Von Neumann’s original application was the transistor. If any single transistor failed, then it could cascade. You could either put a ton of effort into making sure zero transistors fail, or you could add a whole bunch of redundant transistors. There’s a reliability vs. redundancy tradeoff. Usually redundancy is far cheaper to meet a certain goal than perfect reliability.
Landau’s point was that in bureaucracies, the ideal is often to have zero duplication and overlap between organizations. Completely streamline everything so there’s no waste. This is exactly the point of McNamara’s Planning-Programming-Budgeting System. Expose every weapons project in DoD, spot duplication (e.g., Navy and Air Force building their own fighter aircraft), and then eliminate that duplication through a single-best solution. Landau says:
For the public administration rationalist, the optimal organization consists of units that are wholly compatible, precisely connected, fully determined, and, therefore, perfectly reliable.

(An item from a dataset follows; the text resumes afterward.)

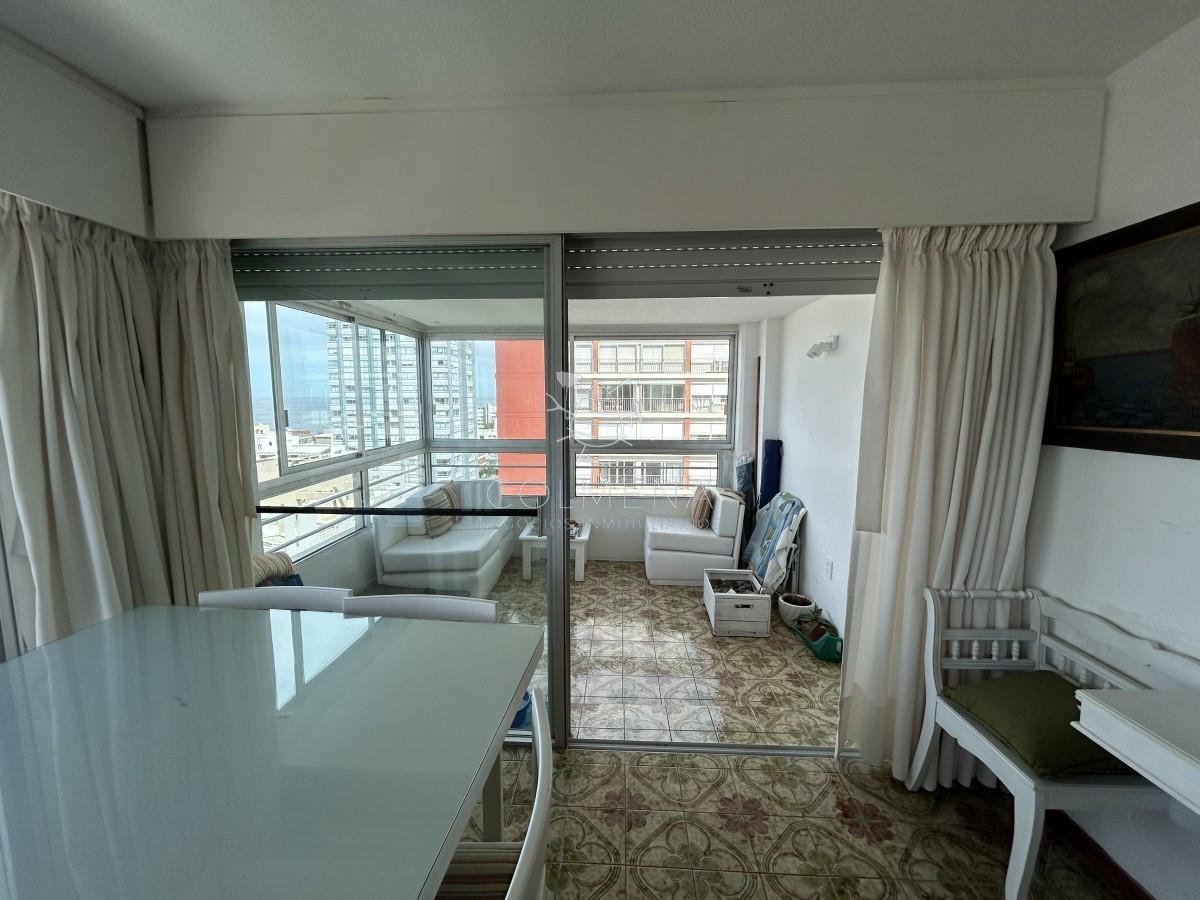 Foto de OPORTUNIDAD Venta Apartamento TORRE VERONA - 2 dormitorios y medio, imagen 2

The problem, as the O-Ring example makes clear, is that if you only have one project for every requirement, then every project will have to be super reliable. The effort to make every project team that successful, zero errors, is incredibly high. But by adding redundancy, you can afford not to over-staff and over-manage each project. The likelihood that two project teams will fail to deliver value is lower, and the likelihood of failure starts dropping precipitously as you increase to three, four, or more project teams.
Moreover, when you have overlapping projects, you can spot errors. Redundancy is an error detection and correction mechanism. Sounds crazy to say, but a single project won’t necessarily know whether it made an error. For example, could you have known that United Launch Alliance was producing over-priced rocket engines before SpaceX decided to build their own rocket that featured reusability? Without SpaceX’s Falcon 9, we would never have known that a launch to Low Earth Orbit could be had for under $100 million. DoD was paying over $400 million on average!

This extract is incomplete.